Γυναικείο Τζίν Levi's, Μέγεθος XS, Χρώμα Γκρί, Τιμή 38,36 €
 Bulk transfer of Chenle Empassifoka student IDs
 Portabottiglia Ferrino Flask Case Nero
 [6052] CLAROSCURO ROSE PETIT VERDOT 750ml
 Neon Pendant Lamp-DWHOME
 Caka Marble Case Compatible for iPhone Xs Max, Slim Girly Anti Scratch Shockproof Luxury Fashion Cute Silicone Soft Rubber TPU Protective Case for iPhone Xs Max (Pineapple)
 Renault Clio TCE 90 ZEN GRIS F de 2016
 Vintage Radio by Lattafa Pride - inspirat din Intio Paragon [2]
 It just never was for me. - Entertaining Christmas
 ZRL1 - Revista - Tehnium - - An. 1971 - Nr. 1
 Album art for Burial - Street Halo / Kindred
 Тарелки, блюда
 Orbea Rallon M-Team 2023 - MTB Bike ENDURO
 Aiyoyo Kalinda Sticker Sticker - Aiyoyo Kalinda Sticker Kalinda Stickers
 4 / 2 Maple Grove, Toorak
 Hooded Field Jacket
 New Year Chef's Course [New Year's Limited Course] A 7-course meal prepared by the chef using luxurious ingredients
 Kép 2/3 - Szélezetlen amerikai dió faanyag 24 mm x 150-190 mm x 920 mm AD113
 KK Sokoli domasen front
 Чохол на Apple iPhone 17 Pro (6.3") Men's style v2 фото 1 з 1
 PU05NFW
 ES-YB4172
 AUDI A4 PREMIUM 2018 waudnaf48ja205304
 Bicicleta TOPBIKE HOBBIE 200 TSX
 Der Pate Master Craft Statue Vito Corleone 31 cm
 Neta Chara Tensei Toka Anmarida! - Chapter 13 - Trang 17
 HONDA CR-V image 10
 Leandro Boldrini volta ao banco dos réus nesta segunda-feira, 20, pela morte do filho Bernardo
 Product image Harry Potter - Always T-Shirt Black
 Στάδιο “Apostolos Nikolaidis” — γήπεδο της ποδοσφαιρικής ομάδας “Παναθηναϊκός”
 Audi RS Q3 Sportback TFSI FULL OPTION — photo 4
#####
ASSIGNMENT:
Lines from the start of the entries through the one containing "Aiyoyo Kalinda Sticker Sticker" are to be set down again exactly, both ends included.

SOLVED PROBLEM:
Γυναικείο Τζίν Levi's, Μέγεθος XS, Χρώμα Γκρί, Τιμή 38,36 €
 Bulk transfer of Chenle Empassifoka student IDs
 Portabottiglia Ferrino Flask Case Nero
 [6052] CLAROSCURO ROSE PETIT VERDOT 750ml
 Neon Pendant Lamp-DWHOME
 Caka Marble Case Compatible for iPhone Xs Max, Slim Girly Anti Scratch Shockproof Luxury Fashion Cute Silicone Soft Rubber TPU Protective Case for iPhone Xs Max (Pineapple)
 Renault Clio TCE 90 ZEN GRIS F de 2016
 Vintage Radio by Lattafa Pride - inspirat din Intio Paragon [2]
 It just never was for me. - Entertaining Christmas
 ZRL1 - Revista - Tehnium - - An. 1971 - Nr. 1
 Album art for Burial - Street Halo / Kindred
 Тарелки, блюда
 Orbea Rallon M-Team 2023 - MTB Bike ENDURO
 Aiyoyo Kalinda Sticker Sticker - Aiyoyo Kalinda Sticker Kalinda Stickers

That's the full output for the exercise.